Data section below:

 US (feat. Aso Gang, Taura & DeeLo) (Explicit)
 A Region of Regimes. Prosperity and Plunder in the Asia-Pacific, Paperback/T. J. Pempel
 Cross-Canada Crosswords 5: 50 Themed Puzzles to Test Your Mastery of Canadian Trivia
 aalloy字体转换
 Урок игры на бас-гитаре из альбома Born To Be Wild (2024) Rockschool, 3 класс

End of Data section.
Data section below:

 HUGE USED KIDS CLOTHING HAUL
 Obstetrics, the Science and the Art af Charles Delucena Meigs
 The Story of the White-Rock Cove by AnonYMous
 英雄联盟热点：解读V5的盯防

End of Data section.
Data section below:

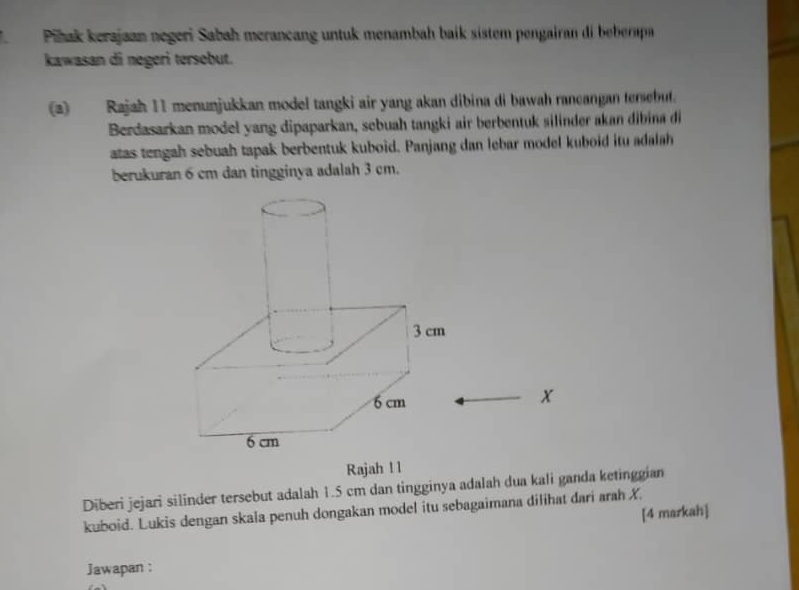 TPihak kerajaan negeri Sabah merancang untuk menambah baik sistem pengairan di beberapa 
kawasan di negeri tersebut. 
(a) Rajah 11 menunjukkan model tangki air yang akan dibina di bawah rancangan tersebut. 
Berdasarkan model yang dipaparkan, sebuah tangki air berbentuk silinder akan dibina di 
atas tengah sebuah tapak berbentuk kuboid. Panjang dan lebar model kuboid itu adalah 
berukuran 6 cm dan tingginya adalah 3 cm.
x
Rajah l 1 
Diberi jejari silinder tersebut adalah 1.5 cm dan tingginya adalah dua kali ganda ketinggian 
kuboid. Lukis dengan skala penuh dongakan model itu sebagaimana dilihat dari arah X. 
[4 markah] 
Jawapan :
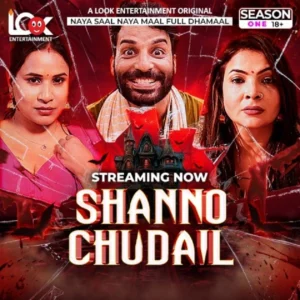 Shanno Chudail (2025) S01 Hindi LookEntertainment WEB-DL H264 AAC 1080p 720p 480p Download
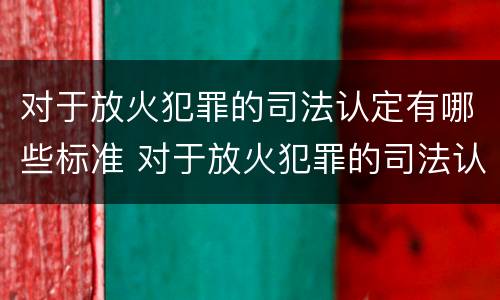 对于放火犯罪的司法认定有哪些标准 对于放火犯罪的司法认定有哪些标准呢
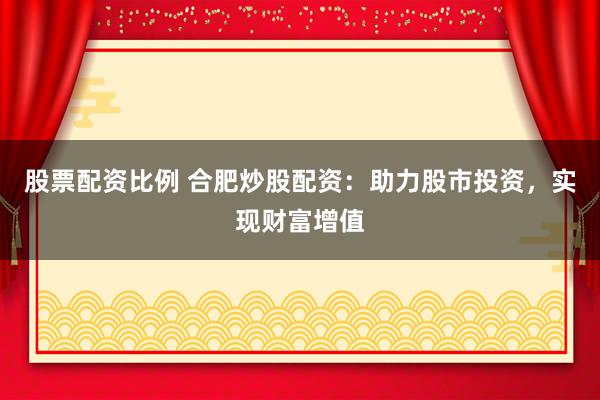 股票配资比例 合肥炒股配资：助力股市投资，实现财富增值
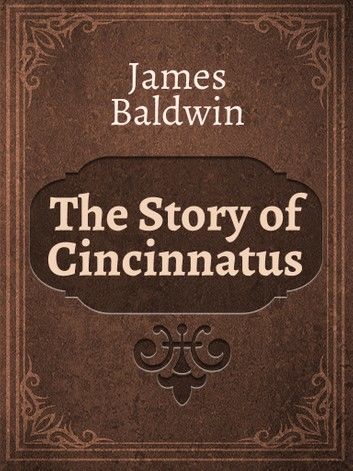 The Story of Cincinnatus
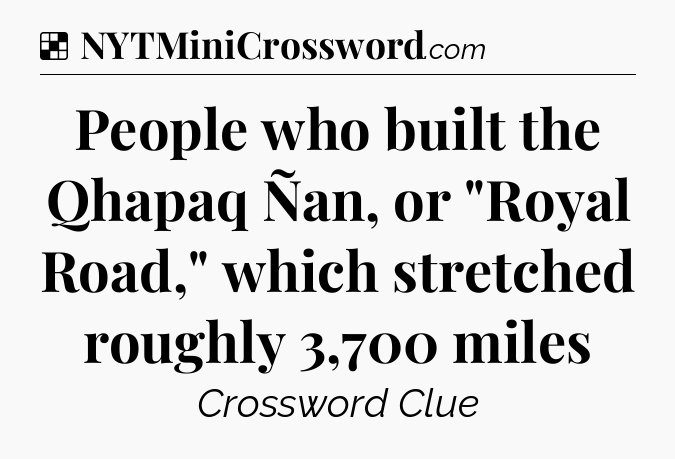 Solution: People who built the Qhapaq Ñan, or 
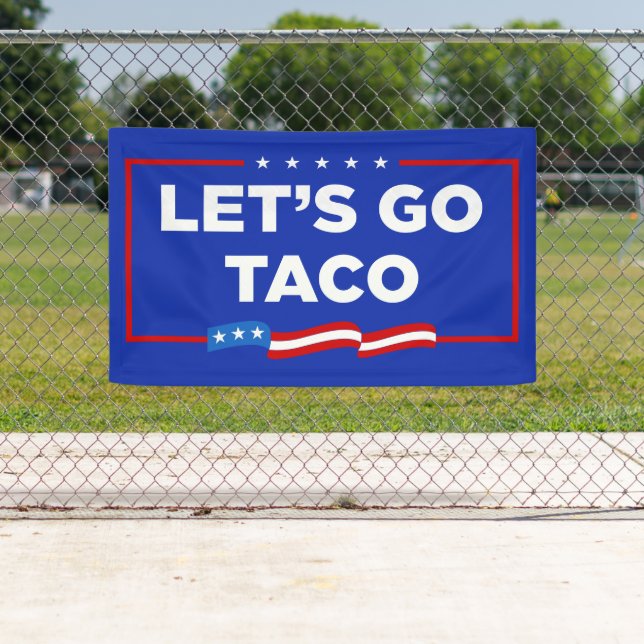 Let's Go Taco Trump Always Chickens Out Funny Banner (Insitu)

End of Data section.

Assignment
Filter the entries down to the lines holding the string "tingginya". Copy each of those lines.

Result of the task
berukuran 6 cm dan tingginya adalah 3 cm.
Diberi jejari silinder tersebut adalah 1.5 cm dan tingginya adalah dua kali ganda ketinggian 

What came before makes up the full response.